(Source records)
>>>

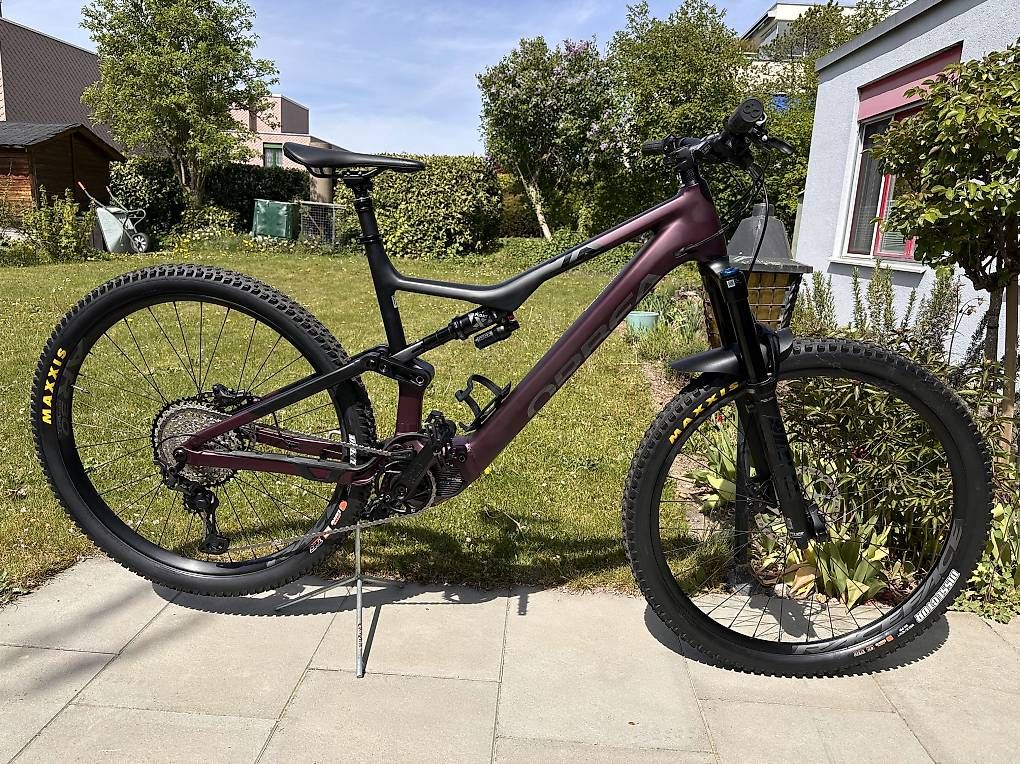 Vélos: E-MTB Orbea – Neuf avec emballage d'origine à Pfäffikon ZH par Frauchi 2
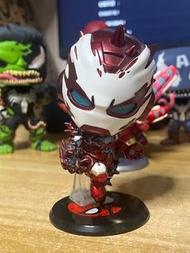 鋼鐵人 鋼鐵俠 Iron Man Hottoys Venom Cosbaby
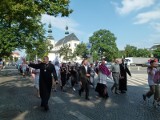 Tysiąc pątników wyruszyło na Jasną Górę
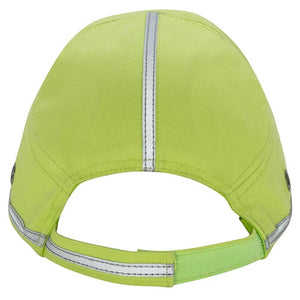 Toolpack veiligheidspet led limegroen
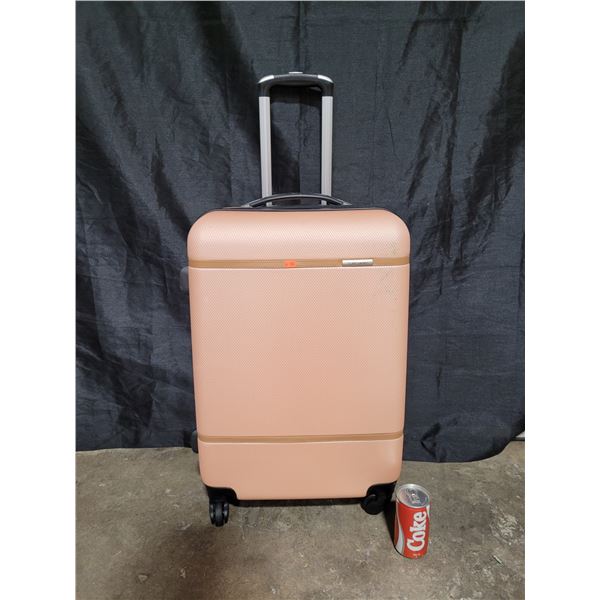 Hard Shell Samsonite Suitcase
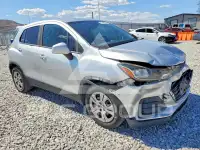 2017 Chevrolet TRAX фото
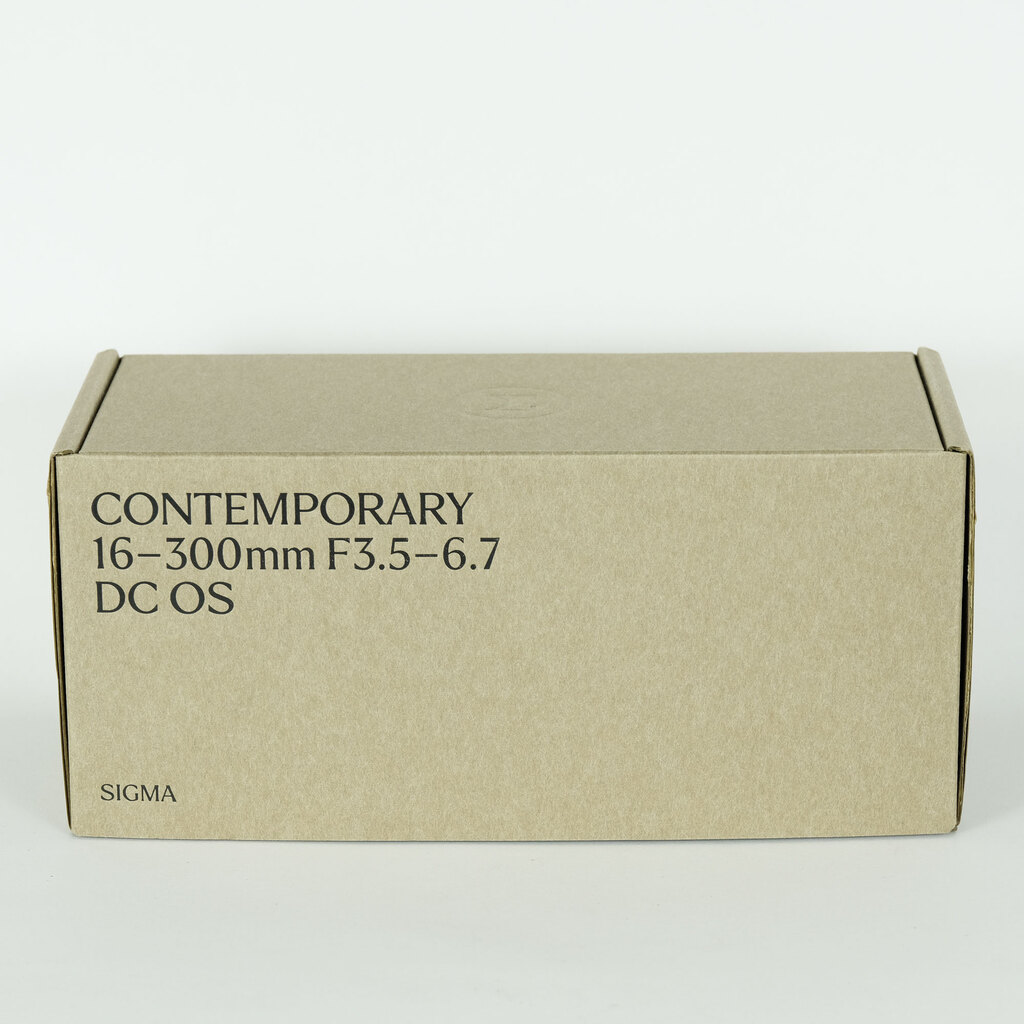 SIGMA 16-300mm F3.5-6.7 DC OS｜Contemporary [ライカL用]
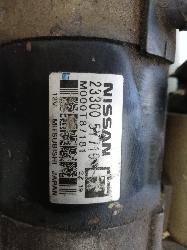 View Auto part Starter Nissan Maxima 2007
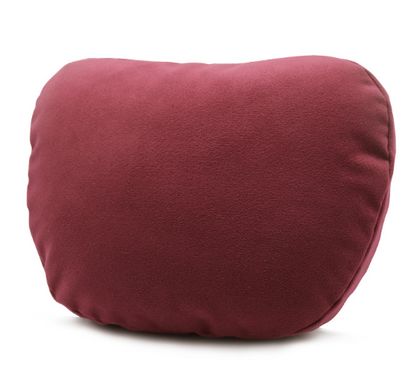 Ergonomic Car Seat Headrest & Lumbar Support Pillow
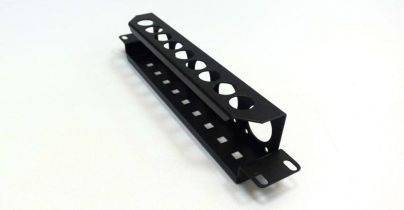 Організатор кабелю бічний 400 Rackmount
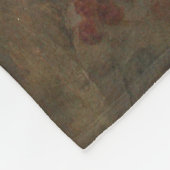 Cardinals Fleece Deken (Hoek)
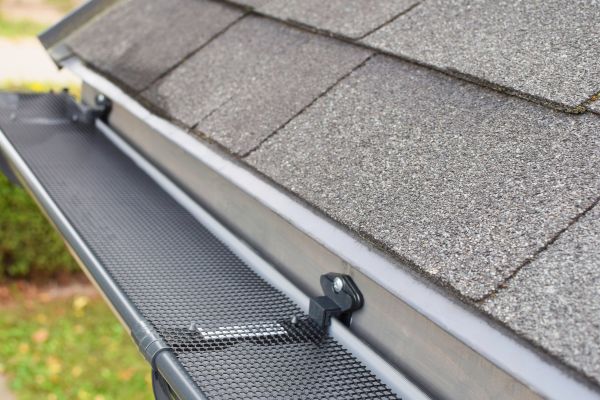 Cost of Covered Gutter Installation in Gastonia
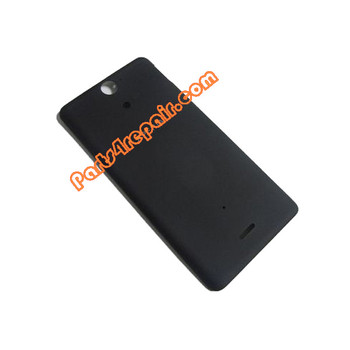 Back Cover for Sony Xperia V LT25 -Black Back Cover for Sony Xperia V LT25 -Black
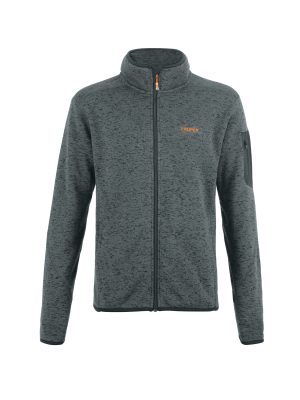 68061 - Suéter gris para hombre, talla CH, Truper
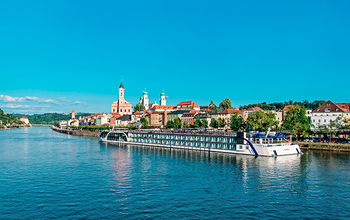 AmaMagna sails the Danube River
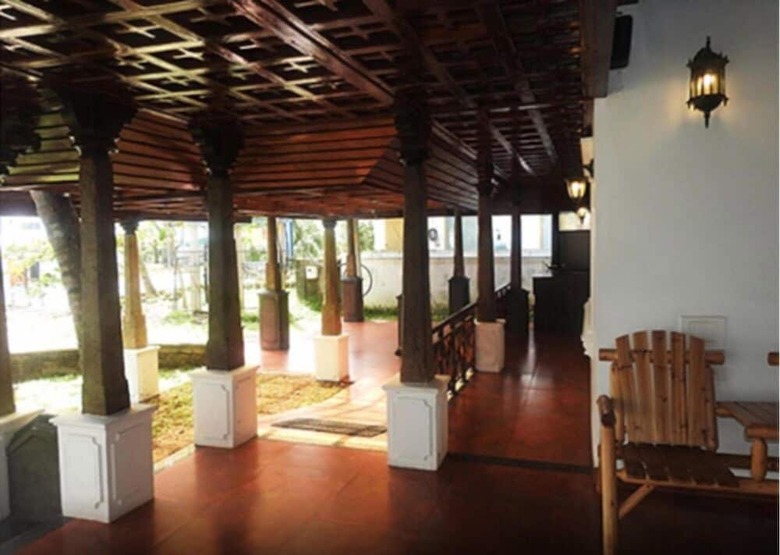 Hotel Sukhayus Wellness Heritage - Cherai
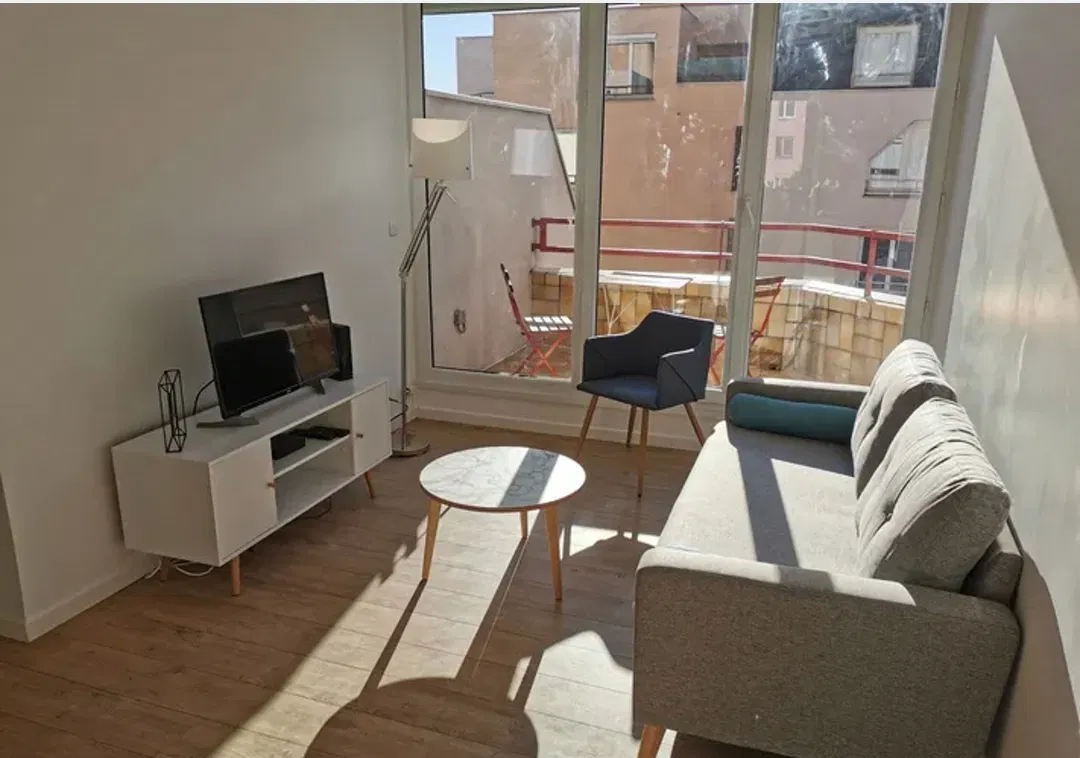 Chambre Allée des Sorbiers à Champs-sur-Marne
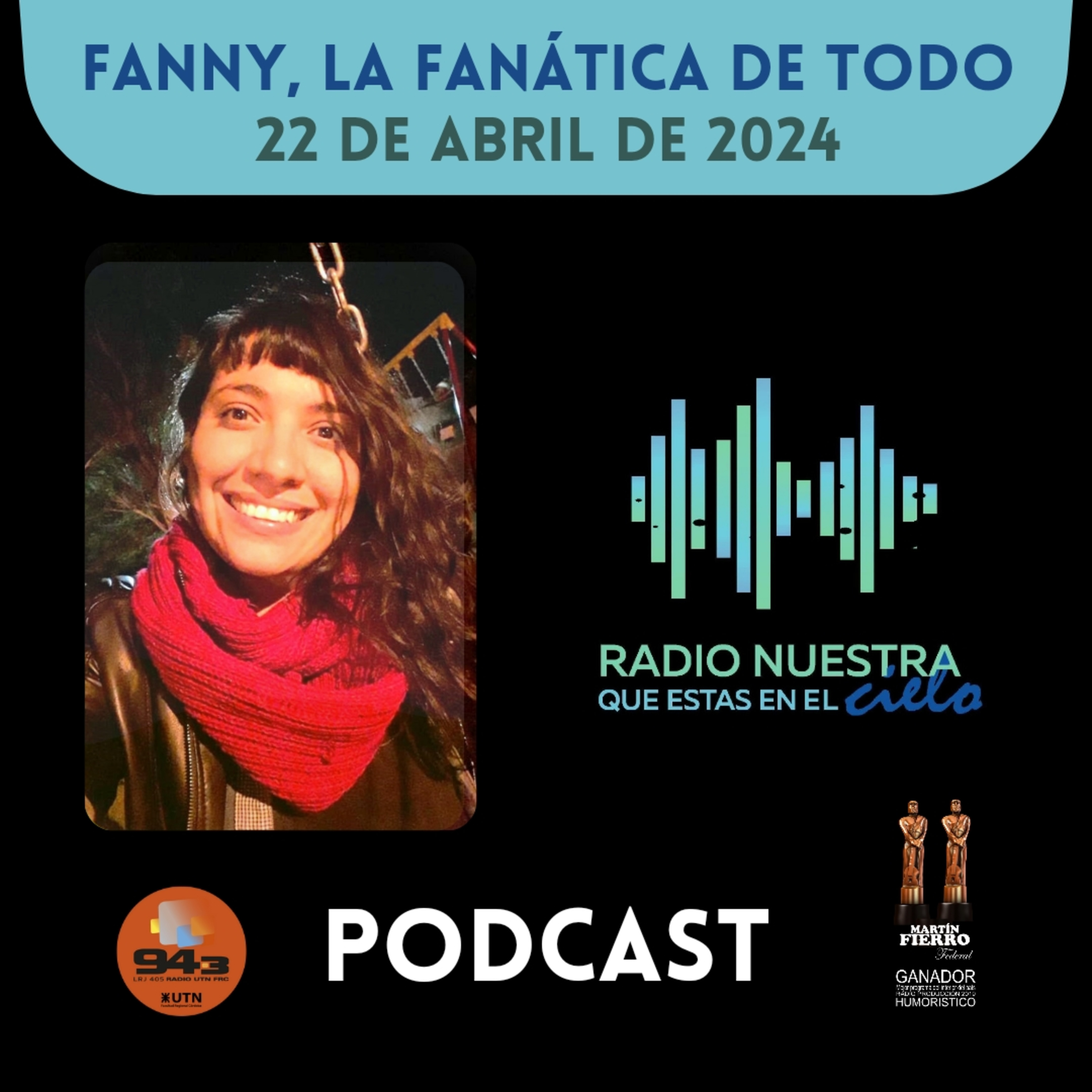 FANNY, LA FANÁTICA DE TODO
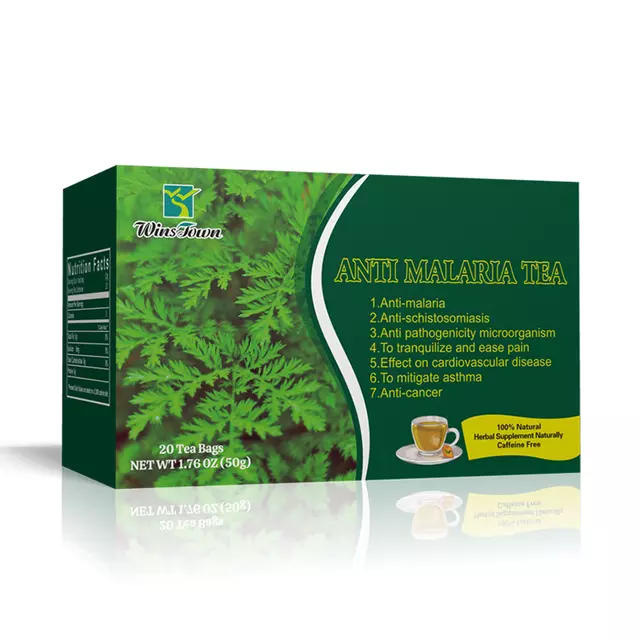 Anti-Malaria Tea | Herbal Tea for Malaria Prevention, Anti-Schistosomiasis and Boosting Immune - Image 5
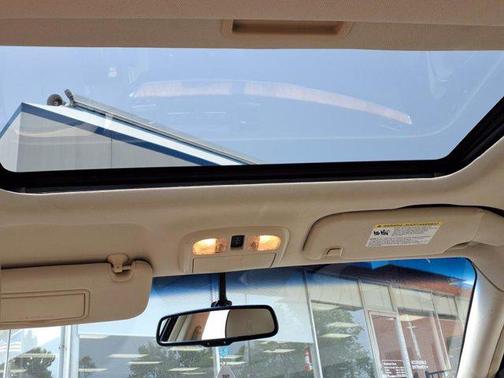 2011 Lincoln MKZ Base
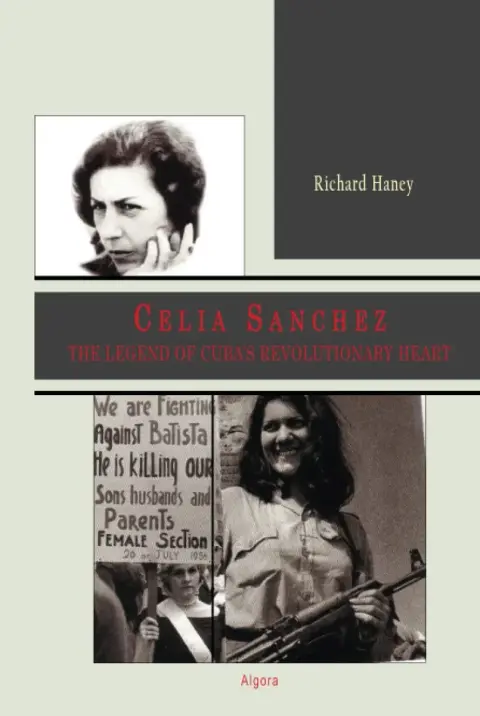 Cover of Celia Sanchez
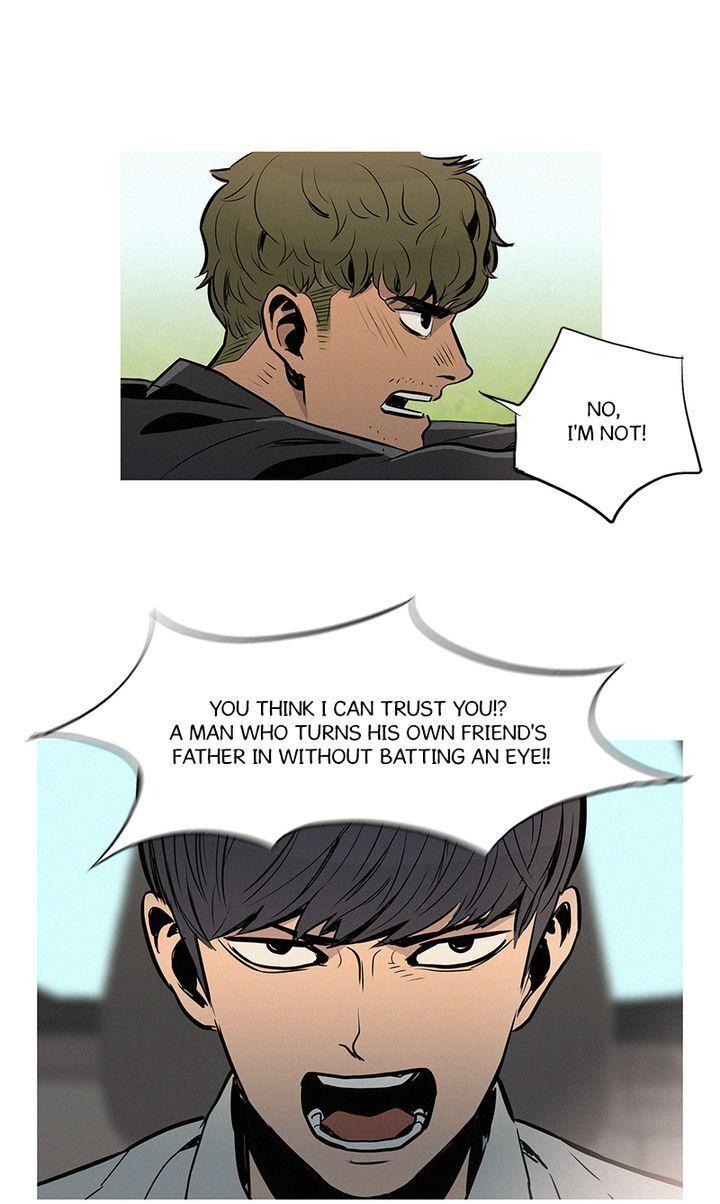 Baski – Manhwa Chapter 21 - page 5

<<<

(Required action)
After dropping the pictures, please set down the lines from the beginning of the listing through the line containing "2017 Chevrolet TRAX фото", both included, exactly as they stand.

(Solution)
 Vélos: E-MTB Orbea – Neuf avec emballage d'origine à Pfäffikon ZH par Frauchi 2
 鋼鐵人 鋼鐵俠 Iron Man Hottoys Venom Cosbaby
 Tysiąc pątników wyruszyło na Jasną Górę
 Toolpack veiligheidspet led limegroen
 Hard Shell Samsonite Suitcase
 2017 Chevrolet TRAX фото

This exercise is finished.